[RFC][PATCH v2 -next 2/2] Adding lock operations to kmsg_dump()/pstore

public inbox for linux-kernel@vger.kernel.org
 help / color / mirror / Atom feed

* [RFC][PATCH v2 -next 2/2] Adding lock operations to kmsg_dump()/pstore_dump()
@ 2011-10-21 21:21 Seiji Aguchi
  2011-10-28 18:33 ` Don Zickus
  2011-11-10 12:50 ` Peter Zijlstra
  0 siblings, 2 replies; 6+ messages in thread
From: Seiji Aguchi @ 2011-10-21 21:21 UTC (permalink / raw)
  To: Andrew Morton, Chen, Gong, linux-kernel@vger.kernel.org,
	Luck, Tony, Matthew Garrett, Vivek Goyal, len.brown@intel.com,
	ying.huang@intel.com, ak@linux.intel.com, hughd@chromium.org,
	mingo@elte.hu, jmorris@namei.org, a.p.zijlstra@chello.nl,
	namhyung@gmail.com, Don Zickus
  Cc: dle-develop@lists.sourceforge.net, Satoru Moriya

pstore_dump()/kmsg_dump() may be called everywhere in kernel.
So we have to care about following cases.

  - Panic path
    In this case, Logging message process is serialized via smp_send_stop().
    So, we can bust spin_locks.

    Currently, kmsg_dump() may be called twice (KMSG_DUMP_PANIC and KMSG_DUMP_EMERGY)
    So, for avoiding deadlock, I suggest to bust locks rather than skipping them.

  - NMI context 
     While a cpu is in NMI handler, other cpus may be running.
     So, trylock should be called so that lockdep cheking works.
 
  - Process context
    In this case, we can simply take locks.

Patch Descriptions:
  Adding a lock operation below in pstore_dump()
  - busting psinfo->buf_lock of pstore_dump() in panic path for avoiding deadlock.

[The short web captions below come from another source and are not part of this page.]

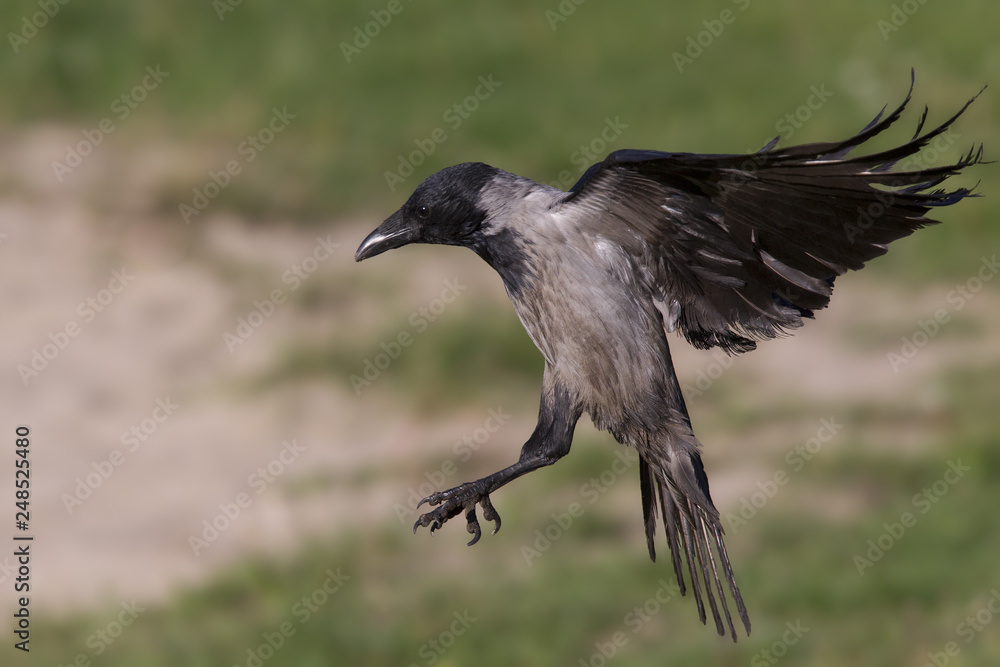 A hooded crow (Corvus cornix) in flight in the city park of Berlin. In the daytime with in the background trees and gras. A hooded crow (Corvus cornix) in flight in the city park of Berlin. In the daytime with in the background trees and gras.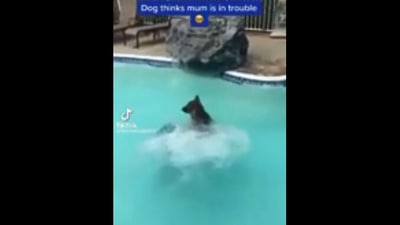 The image, taken from the Reddit video, shows the dog ‘saving’ its pet mom. (Reddit/@westcoastcdn19)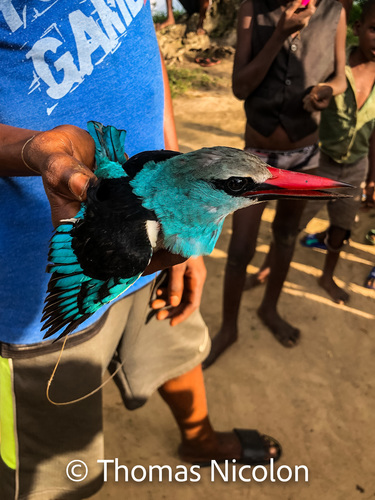 Blue-breasted Kingfisher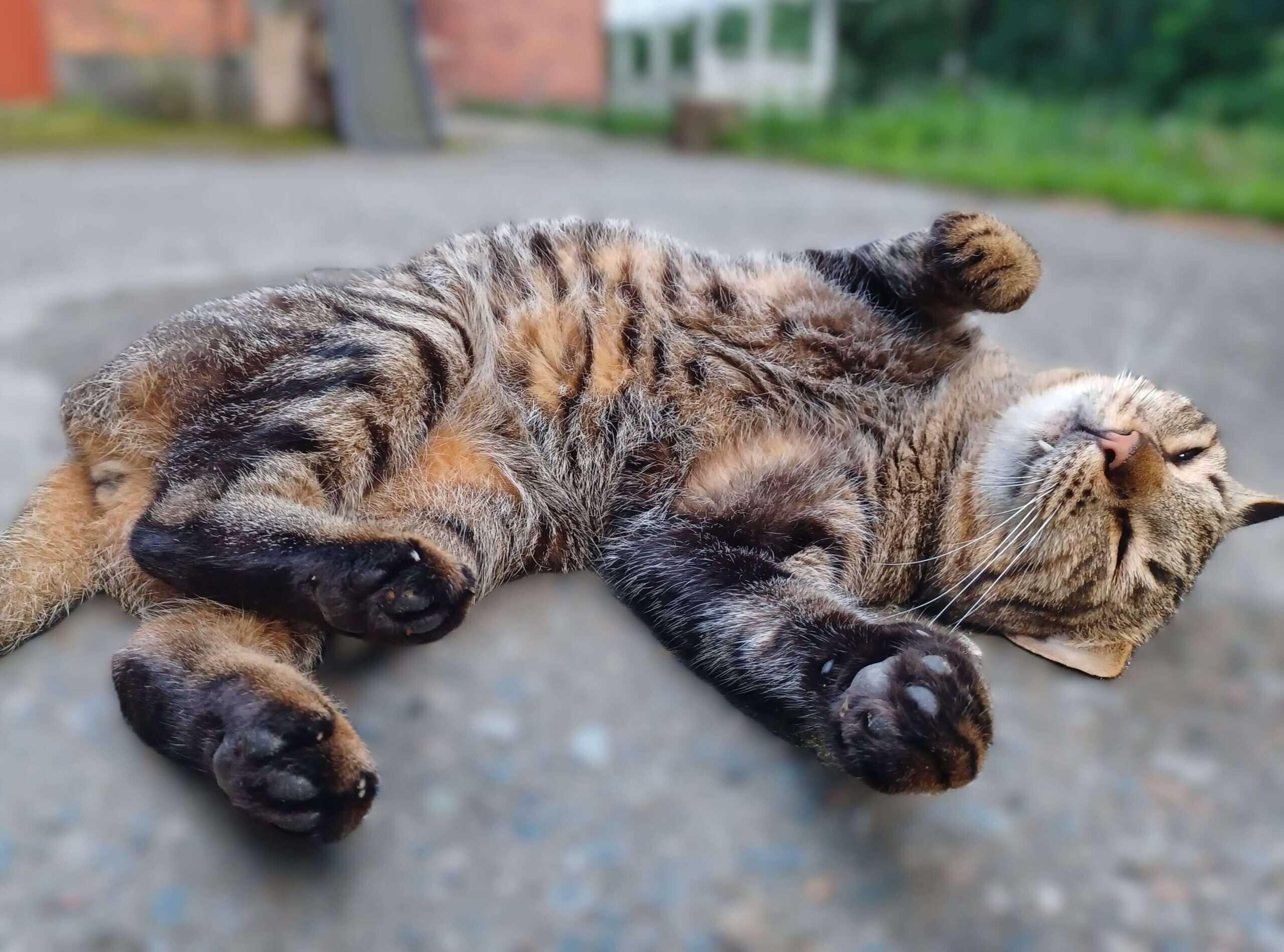 Tabby cat stretching out on tarmac with paws sticking out and belly showing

  Adding lock operations below in kmsg_dump()
  - busting logbuf_lock of kmsg_dump() in panic path for avoiding deadlock.
  - Adding trylock for taking logbuf_lock of kmsg_dump() in NMI context. 
  

 Signed-off-by: Seiji Aguchi <seiji.aguchi@hds.com>

---
 fs/pstore/platform.c |   11 +++++++++++
 kernel/printk.c      |   28 +++++++++++++++++++++++++---
 2 files changed, 36 insertions(+), 3 deletions(-)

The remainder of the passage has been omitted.